İNGİLİZCEDE ismi "Game Theory" olan teori. Türkçede "Oyun Kuramı" adıyla anılıyor. Ancak "game" kelimesinin manası bu teori bağlamında "oyun", "kumar", "maç", "müsabaka" gibi kelimelerin anlamlarının bir karmasıdır; ama tek başına bunların hiç biri değildir.

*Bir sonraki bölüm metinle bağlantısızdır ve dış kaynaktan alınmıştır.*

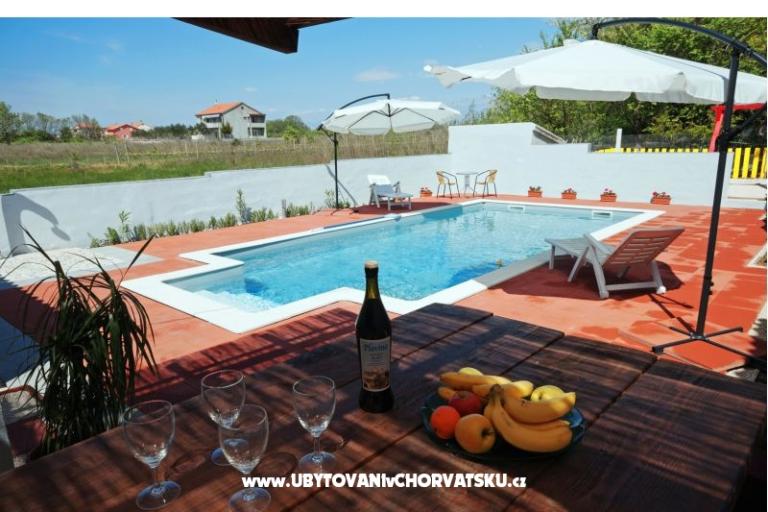 Apartmaji Angelo z bazenom – foto 12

Öncelikle bunu zihnimize yazalım. Oyun kuramının üç temel unsuru vardır. Birincisi, oyunda mutlaka "ben" ve "karşı taraf" olmak üzere iki oyuncu vardır. İkincisi, oyunun sonunda mutlaka bir ödül veya ceza vardır. Üçüncüsü, kayıp ve kazançların toplamı sıfır değildir. Yani bir masada poker oynayanların, kazanç ve kayıplarının toplamının sıfır etmesi gibi cebirsel bir denklik yoktur. Oynanan oyundan her iki taraf da zararlı veya kárlı çıkabilir. İşte bu özelliği dolayısıyla oyun kuramının incelediği vakalara "işbirliği mümkün oyunlar" denir.
* * *
Hayat, insanları (veya şirketleri, siyasi iktidarları, devletleri) sürekli olarak bir veya birkaç oyunun tarafı olmaya mecbur bırakır. Oyun kuramı, bu ortamda "karar veren kişi"nin kendi veya temsil ettiği tarafın çıkarını kollarken, kendine veya temsil ettiği tarafa zarar verebileceğini anlatır. Bunun sebebi de insan davranışlarının "etkisel" değil "tepkisel" olmasıdır. Yani insan, oyun sırasında ortaya herhangi bir eylem veya davranış tarzı koyarken, karşı tarafın "muhtemel davranışını tahmin edip" altta kalmamak üzere bunun tasarımını yapar. Oyunun bir tarafı olarak, diğer tarafın, yani rakibin müteakip hamlesinin (o da bizi rakip gördüğü için) halisane değil, hasmane olacağını varsayar. Dolayısıyla ona karşı hasmane bir hamle yapar, böylece en azından kendini korumuş yani "berabere" kalmış olurum diye düşünür. Yani karşısında hasım bir rakip olmamış olsa, nasıl hareket edecekse öyle davranmaz. Burada teorinin özüne tekrar dikkatinizi çekmek istiyorum. Seçilen davranış veya eylem biçimi tepkiseldir. Bu yüzden insanlar kendi yaptıkları ama beğenmedikleri davranışlarını (kararlarını) anlatırken, sanki kararı başkası almış gibi "bana kalsa öyle hareket etmezdim" diye söze başlar.
* * *
Dünya finansal krizi bugün "güven krizi" aşamasına gelmiştir. Güven krizi yüzünden insanlar olumsuz kararlar almakta ve ekonomik aktiviteyi yavaşlatmaktalar. Bankasına güvenmeyen mudi, mevduatını çekiyor. Müşterisine güvenmeyen banka, kredileri kesiyor. Hatta diğer bankaya güvenmiyor. Bu sebeple bankalararası kredi işlemi yapmıyor. Çünkü hep karşı tarafın kendisine zarar verebilecek davranışlar içinde olduğunu zannediyor. Paranın hareket etmediği yerde bereket de olmuyor. İşler daralıp, gelirler azalıyor. Gelir azalmasının adı "ekonomik kriz"dir. Bu kısır döngüyü kırmak için devlet (Merkez Bankası, Hazine ve Maliye) biz herkese güveniyoruz mesajı içeren kararlar alıyor. Kısaca güvensizlikten dolayı ortadan çekilen paranın yarattığı boşluğu, yeni para yaratarak dolduruyor. Halk, "nakit kraldır" derken, devlet nakdi uşak yapıyor.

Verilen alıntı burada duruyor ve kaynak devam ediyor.